I'm not sure if rats can eat cucumbers and if they can't what will happen if they do eat it?


----------



## YellowSpork

Mine like cucumber.  I don't feed it a lot though cause it's really watery and could prolly cause diarrhea if they have it too much.

"Watery vegetablesThese include cucumber, lettuce, celery and similar vegetables. The key thing being their water content. These vegetables can be useful in summer or when traveling or showing your pet as they provide a good source of moisture in an environment where your pet may not be drinking enough to keep them well hydrated. The most useful of these is cucumber. It is worth limiting the amount of lettuce fed as it does cause loose stools very easily, it also has a soporific effect on rabbits (drugs them) though there is little evidence to confirm this happens in rats." <-- from link: 

http://www.ratchatter.com/rat-food/fruits-and-vegetables/


----------



## Rat-1-

Thanks, every time in eating cucumbers my rats will stare at me so thats why i asked.

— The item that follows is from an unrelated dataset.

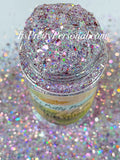 “Fairy Vision”- Front & Center Collection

Also your rats look really cute


----------



## YellowSpork

My rats stare at me no matter what I'm eating.  Rice, mac 'n cheese, breaded pork... XD And thanks. x3 They're my babies, so I think they're the cutest things ever, but I'm bias.  The rat in your avatar picture is so cute though! Looks like s/he is smiling.


----------



## SezSorkin

My boys love cucumber.. Although they always seem to leave the skin


----------



## RiddlesMum

LOL! So did my two girls! Snatched it up, but peeled them!


----------



## LilyLuna13

Ok, so I just gave my rats a piece of cucumber each, because we were traveling and they were being perfect little babies, and I wanted to reward them when we got home, and before I could give the second piece, they started to play tug of war with the cucumber; it was so funny! And then I gave Luna her piece, and they stopped. Thank you for telling me that rats can eat cucumbers, because they LOVE it!!

I didn't give them too much.


----------



## Isamurat

Cucumber is great as a travel snack, alongside things like melon and apple. Its a good water source when a water bottle is impractical for short spells. I wouldn't give them loads or too often but as an occasional treat especially in hot weather its really handy


----------